Our article earlier this week addressed some of the broad product categories and specific vendors that are in the market to provide VM protection for your cloud-based infrastructure. In this follow-up, we’ll talk about some of the more important questions to ask your potential protection vendor as you consider these solutions.
- What specific versions of hypervisors are protected? All of these products work with particular VMware hosts, some only work on more modern (v4 or newer) versions. Some, such as Catbird’s vSecurity and BeyondTrust PowerBroker, also work with Xen hosts (and by extension, Amazon Web Services, which is built on top of Xen). None currently work with Microsoft HyperV technology.
- Do you need agents and if so, where are they installed? What happens when you add a new ESX host to your data center to get it protected by each product? Each product has a different process by which its protection gets activated; some (such as Hytrust and Reflex) are easier than others that require multiple configuration steps or a series of different agents to be added to each host. Some products install agents on the hypervisor itself, so no additional software is needed inside each VM running on that hypervisor. Others work with the VMware interfaces directly and don’t need any additional software. Some require VMware’s vMA or vShield add-ons. The goal here is to provide instant-on protection, because many times VMs can be paused and restarted, avoiding the traditional boot-up checks that physical security products use.
- Can I email reports to management and can they make actionable decisions from them? A security manager wants to understand where and how they are vulnerable, and be able to clearly explain these issues to management too. Some products produce reports that could be phone books if they were printed out: this level of detail is mind numbing and not very useful or actionable. Others do a better job of presenting dashboards or summaries that even your manager can understand. I liked the reports from Trend: they were easiest to produce and parse, and share with management. Setting up reports for Beyond Trust was excruciatingly complex.

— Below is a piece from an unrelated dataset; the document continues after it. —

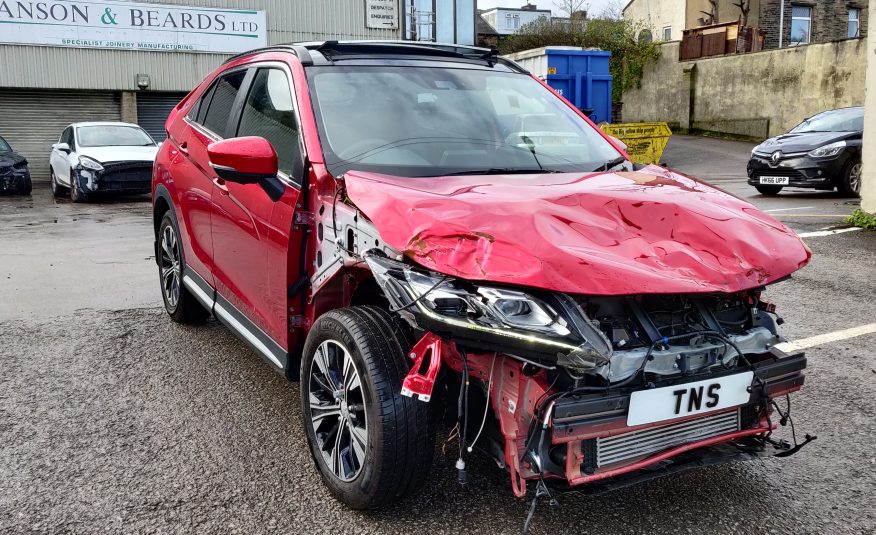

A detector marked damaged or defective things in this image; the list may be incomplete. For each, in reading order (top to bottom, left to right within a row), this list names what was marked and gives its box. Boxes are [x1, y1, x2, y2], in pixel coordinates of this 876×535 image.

[Trend Dashboard]: Trend Micro’s Deep Security has a very actionable dashboard with alert summaries and event histories. - How granular are its policy controls? Another item to examine is how easy it is to add elements to existing policies or create entirely new ones. This is the bread and butter of these products; but be aware of how they create and modify their policies because this is where you end up spending most of your time initially in setting things up.
- Finally, what is the price? Each product has a complex pricing scheme: some charge by VM, by virtual socket, by protected host, or by physical appliance. Make sure you understand what the anticipated bill will be with your current cloud formation and what you expect to be running in the future. For example, Catbird charges $2000 per VM instance, while Hytrust charges $1000 per protected ESX host.